Navigating PRC data laws in cross-border disputes
July 2023 | SPOTLIGHT | LITIGATION & DISPUTE RESOLUTION
Financier Worldwide Magazine
July 2023 Issue
In today’s international business space, companies are increasingly subject to overlapping and sometimes conflicting legal obligations from different jurisdictions. These challenges are particularly heightened in the area of data privacy.
Nowhere are the stakes of this rapidly changing legal landscape more pronounced than in transnational legal conflicts involving US and other Western companies operating in the People’s Republic of China (PRC). Both are moving to protect their citizens’ and stakeholders’ data. PRC authorities have enacted a series of privacy laws and initiated several enforcement actions on national security grounds. They have raided the offices and interrogated the local staff of international consulting and investigations firms.

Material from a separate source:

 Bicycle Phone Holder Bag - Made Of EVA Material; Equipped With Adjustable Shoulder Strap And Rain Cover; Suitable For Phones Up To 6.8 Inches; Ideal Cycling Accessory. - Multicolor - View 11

Multinational companies that need to access or export data located in China for foreign legal proceedings have to carefully navigate PRC legal requirements or they may find themselves in the same position as the abovementioned firms.
Under what circumstances could these issues arise? Let us say the individual in question is the general counsel of a US company with operations in China. They have been overseeing an ongoing litigation in a US federal court alleging that the company’s Chinese subsidiary misrepresented its financials and business prospects. The company believes and has been telling investors the allegations in the lawsuit are meritless.

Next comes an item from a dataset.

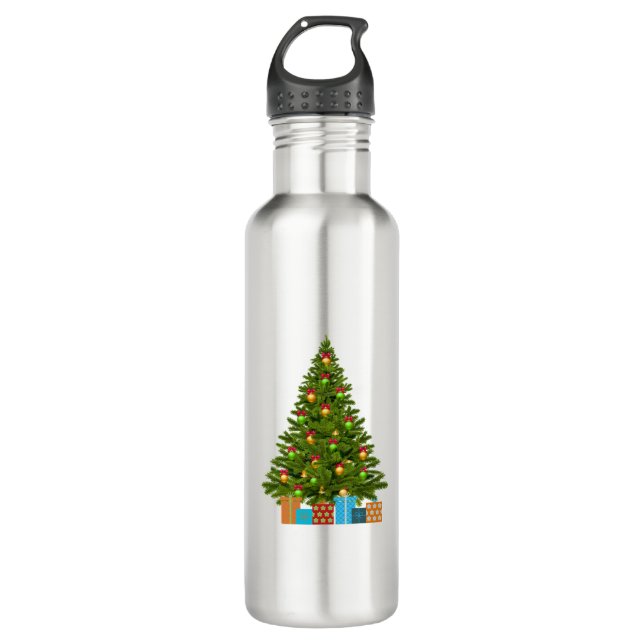 Green, Gold, and Gifts with Green Tree 710 Ml Water Bottle (Front)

Unfortunately, the court denies the company’s motion to dismiss, reasoning that while it is inclined to grant the company’s motion, there are a small number of disputed issues of fact that can only be cleared up by discovery, which the court believes can be targeted. To that end, the court sets an expedited discovery schedule, to which the company’s outside litigation counsel has agreed. The company wants this case to be over with quickly because, confidentially, it is pursuing a corporate transaction where the counterparty has expressed concerns about the overhang of unresolved litigation concerning the China business, which represents a substantial portion of the company’s overall revenue.
The company is therefore stunned when its Chinese colleagues tell it that the lion’s share of relevant documents, including documents helpful to the company’s defence, cannot be sent out of China, much less shared with US plaintiffs and their counsel, due to data restrictions under PRC law.
Violations of such restrictions can have significant consequences. Nonetheless, complying with these data restrictions would mean, not only that the company would miss the court’s expedited discovery deadlines, but also that it might face the prospect of an additional lawsuit challenging the company’s earlier statements about the likelihood of prevailing in this lawsuit, and could jeopardise the corporate transaction when these obstacles come to light.
This article is designed to provide a high-level overview of some of the complications of dealing with these issues, set forth a summary of the key Chinese data privacy and state secrecy laws and regulations governing this area, and provide some practical advice on handling such scenarios. We discuss the management of US courts and recommend considering opening a dialogue with PRC approval authorities early, as well as potentially inviting opposing counsel to China to view the relevant discovery.
Key Chinese data privacy and state secrecy regulations
The PRC’s Data Security Law (DSL), Personal Information Protection Law (PIPL), Cybersecurity Law and State Secrets Laws constitute a new web of legislation that governs how companies must approach Chinese data, as outlined below.
The DSL (effective in November 2021) expands localisation and transfer requirements for certain types of data and handlers. Notably, it prohibits companies from providing data stored in China to a foreign judicial or law enforcement agency without the prior approval of relevant PRC authorities.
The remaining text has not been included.